Just past Akshardam World, Palminder pulls the car to the side of the highway. He looks at me in the rearview mirror and grins. “Very slow driver,” he drawls. We are waiting for Jonaki to catch up with us. She eventually does, and we pull into the flow of traffic again.

We have to do the same thing just past the radial road around India Gate, only Jonaki doesn’t appear. We’ve lost her. Palminder’s cell phone rings. He gives her directions and hangs up.

“Tikka hay?” I ask. Is it okay?

“Tikka,” he says, “No ma’am, no problem. Circle is round.”

Yes, most circles are round, I think, wondering what he means by this last comment. As long as he thinks Jonaki’s going to find us, I’m happy.

We wait for, maybe, five minutes and she appears behind us again, gripping the wheel and peering out from over it. Jonaki is about four feet, eleven inches tall, but she is behind us again and we are underway.

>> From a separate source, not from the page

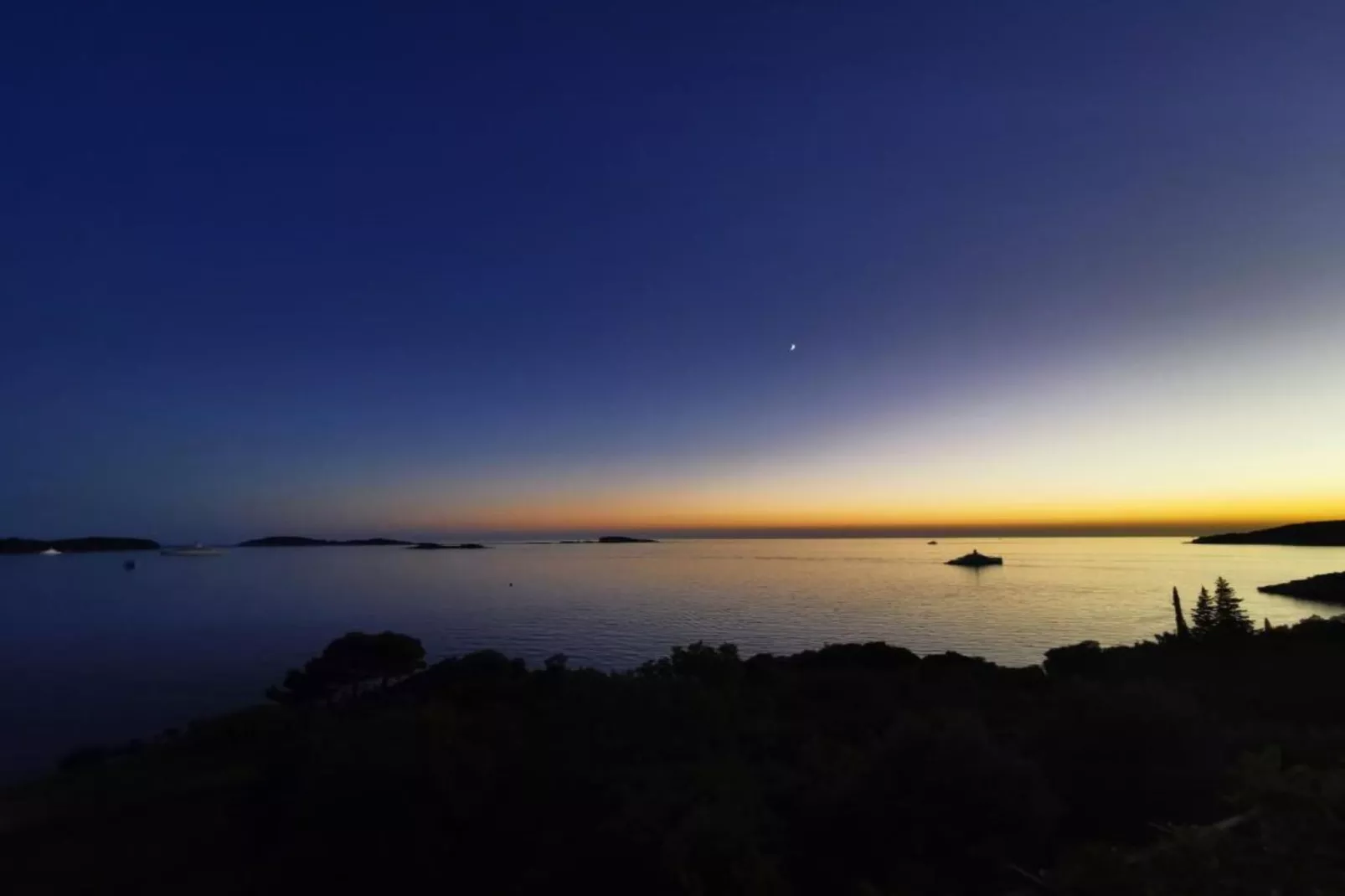 Villa Samba - Standard One-Bedroom Apartment with Balcony and Sea View - Sfeer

We get to Connaught Place at about ten minutes after seven and turn down a twisting, narrow alleyway behind the shops. There seem to be only men and barking, stray dogs back here. It doesn’t look to be a good place for two women to hang out. Palminder stops the car and gets out to talk to Jonaki. She gets out of her car and gives him the keys. He backs up and parks her car for her, then returns to the taxi.

I tell him we’ll meet him here in about an hour and a half, but he interrupts me and tells me to get back in the car. He’s going to drive us both to the front of the shops, and he’ll pick us up there too. This is a relief. I don’t like the alley.

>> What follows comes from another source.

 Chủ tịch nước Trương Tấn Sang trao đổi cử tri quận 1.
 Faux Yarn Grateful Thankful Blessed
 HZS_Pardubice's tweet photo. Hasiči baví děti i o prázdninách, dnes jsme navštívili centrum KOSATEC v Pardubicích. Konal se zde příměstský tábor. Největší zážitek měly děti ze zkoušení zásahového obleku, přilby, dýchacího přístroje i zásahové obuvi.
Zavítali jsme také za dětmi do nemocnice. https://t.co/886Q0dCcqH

We get out of the car in front of the Connaught Place McDonald’s. It’s a recognizable landmark we’ll be able to use as the place to get picked up as well. Now we just have to find the address: 36 Regal Building. There are no signs on the businesses. Men come up to us and shove packages of handkerchiefs our way. Jonaki approaches a table lit up by a gaslight where vendors are selling jeans. She asks them in Hindi for the place. They tell us it’s around the corner. We wander. “We are so late,” she says.

“Maybe they’ll start late, too,” I say hopefully.

“That’s Indian time,” she says.

We ask more people for the building. We find a bank labeled 30 Regal Building and a restaurant labeled 57. We think we’re going in the right direction when the buildings end altogether and the alleyway opens up. I forget that in India, the addresses don’t progress logically in a line. My building, for instance, C-83 Defence Colony, is down a block that is labeled “47-58.” We return to Jonaki’s method of asking strangers for directions.

Finally two gentlemen point us up a marble staircase. There are no numbers posted, but we do see the playbill for the event at the base of the stairs. This must be the right direction.

At the top of the stairs is a large, carved wooden door with a giant iron handle. It looks like the door was stolen from the Tower of London. Jonaki leans into it and it gives way. Inside it is dark. We hear a voice. This is the place, and the reading is well underway.

A series of wooden folding chairs are set into rows, with an area of cushions on the floor at the front. All the seats are taken except the cushions at the front, which we don’t want to crawl over to in the middle of the reading.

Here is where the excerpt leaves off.